Die Ausstellung
Elfi Mikesch, Rosa von Praunheim sowie Werner Schroeter zeichnet eine ungeheure Produktivität aus. Elfi Mikesch drehte als Kamerafrau über 40 Filme, führte bei rund 20 Filmen Regie, fotografiert und publiziert. Rosa von Praunheim drehte 150 Filme, schreibt Gedichte, zeichnet, veröffentlicht Bücher und inszeniert am Theater. Werner Schroeter (1945–2010) realisierte über 30 Filme, einige davon sind internationale Ko-Produktionen, die Liste seiner Theater- und Operninszenierungen an den wichtigsten Bühnen Deutschlands und international, u.a. in Paris, Amsterdam und Venedig, ist lang. In der Ausstellung wird von dieser Vielfalt nur ein Bruchteil zu sehen sein, stattdessen stehen wenig bekannte und auch aktuelle Arbeiten im Vordergrund. Besonders augenfällig ist das grenzüberschreitende Moment und damit die Entdeckung weiterer künstlerischer Ausdrucksformen. Im Zentrum steht die Künstlerfreundschaft als verbindendes, immer wiederkehrendes Motiv.

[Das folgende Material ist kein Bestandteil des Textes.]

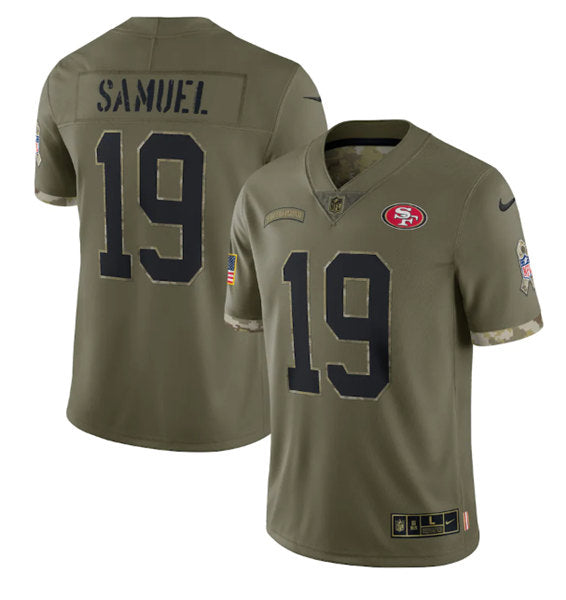 Deebo Samuel San Francisco 49ers olive Salute To Service jersey
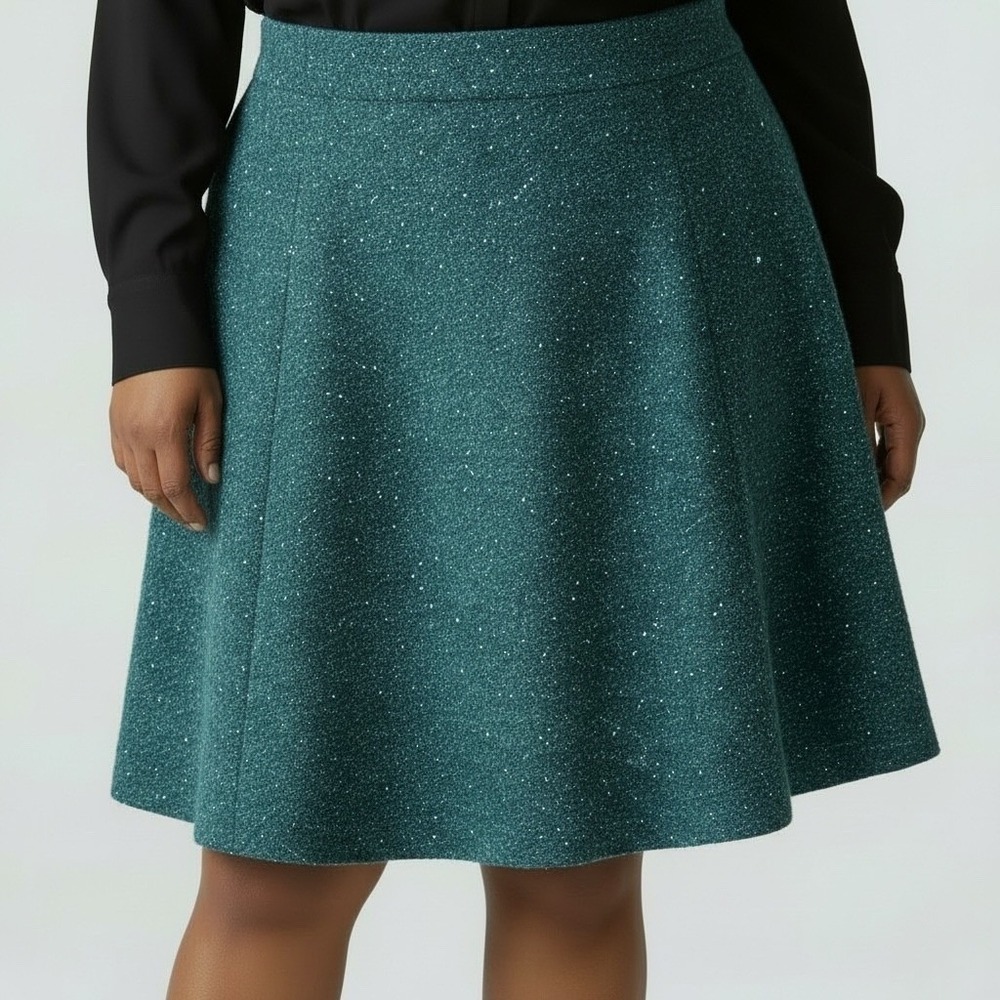 LOFT Skirt Women 14 Teal‎ Green Excellent Speckled A-Line Textured Mini Side Zip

Im Max-Liebermann-Saal des Akademie-Gebäudes am Pariser Platz werden die Stationen und verschiedene Facetten der Künstlerfreundschaft aufgefächert. In einer Dreifachprojektion ist vor allem das Frühwerk von Mikesch, Praunheim und Schroeter in Ausschnitten zu sehen. Bezüge in der Zusammenarbeit und Überschneidungen werden deutlich, erste Bildmotive zeichnen sich ab, die in der jeweiligen Werkgeschichte eine größere Rolle spielen. In zahlreichen Briefen, Fotografien, Tagebuchausschnitten und Drehbüchern, die in Vitrinen zu sehen sind, werden Liebe und Leidenschaft, Schmerz und Verletzung, aber auch immer wieder die Produktivität im Miteinander sichtbar.

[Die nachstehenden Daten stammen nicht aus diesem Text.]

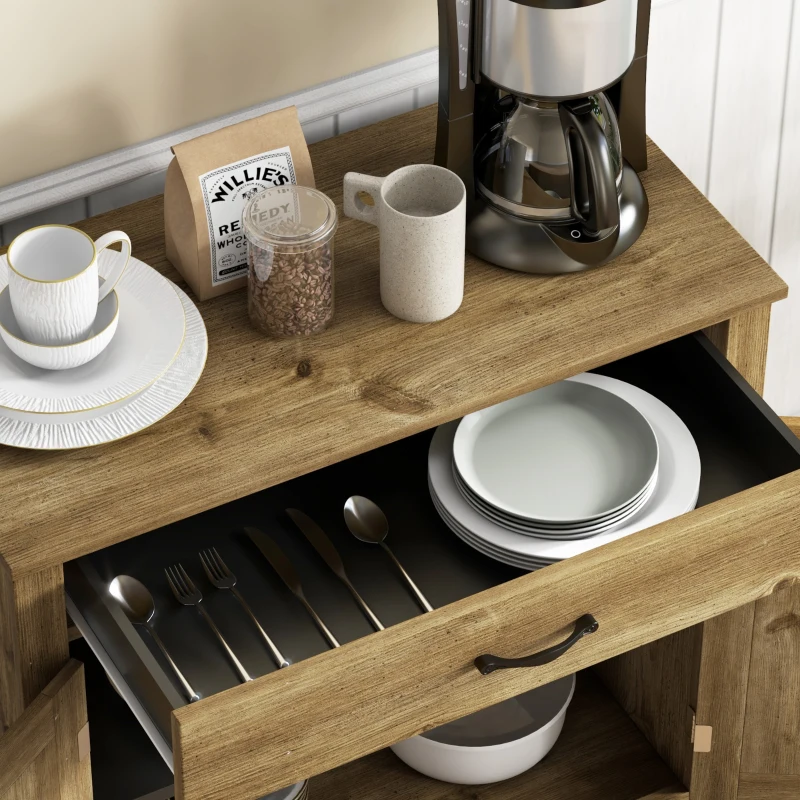 HOMCOM Farmhouse Sideboard Cabinet with Barn Doors Kitchen Buffet Cabinet with Drawer and Adjustable Shelf Natural Wood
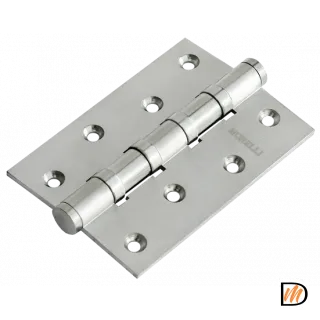 Петля карточная латунная универсальная MBU 100X70X3-4BB SN , врезная, цвет белый никель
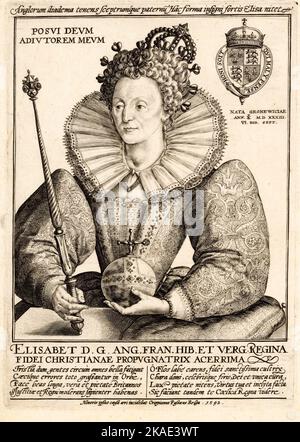 Regina Elisabetta i 1592 di Crispijn de Passe il Vecchio Foto Stock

Wir sind wie drei Wolken, die zu Blumen werden, zu Penissen, einer Vagina und zu goldenen Kronen. Ungewöhnlich waren wir und sperrig. Werner Schroeter mit seinem Pathos, den großen traurigen Gesten seines Stars Magdalena Montezuma, die einige Zuschauer zum Wahnsinn trieben, weil ungewohnt und noch nie gesehen. Elfi Mikesch mit ihrer Suche nach Schönheit, Bildern voller Sehnsucht und einer verrückten Dramaturgie und Rosa von Praunheim, wild, expressiv und hässlich. Als wir begannen, Filme zu machen, waren die 1968er gegen die Kunst und für politische Plakate. Später, als viele zurückfanden zur konventionellen Dramatik, waren wir zu versponnen, zu unlogisch, zu kunstvoll. Das Fernsehen und die Filmförderung haben uns Außenseiter gerettet, haben uns die Möglichkeit gegeben, aus unserer Berufung einen Beruf zu machen. Noch immer sind wir unentdeckt, sind wir ein Geheimnis in der deutschen Kinolandschaft – wie drei Wolken, aus denen erst bei heftigem Regen unsere bunten Farben auf das Publikum herunterprasseln und es anregen, mit uns zu träumen. Und nicht zufällig sind wir schwul und lesbisch und transgender. Aber wer ist das nicht?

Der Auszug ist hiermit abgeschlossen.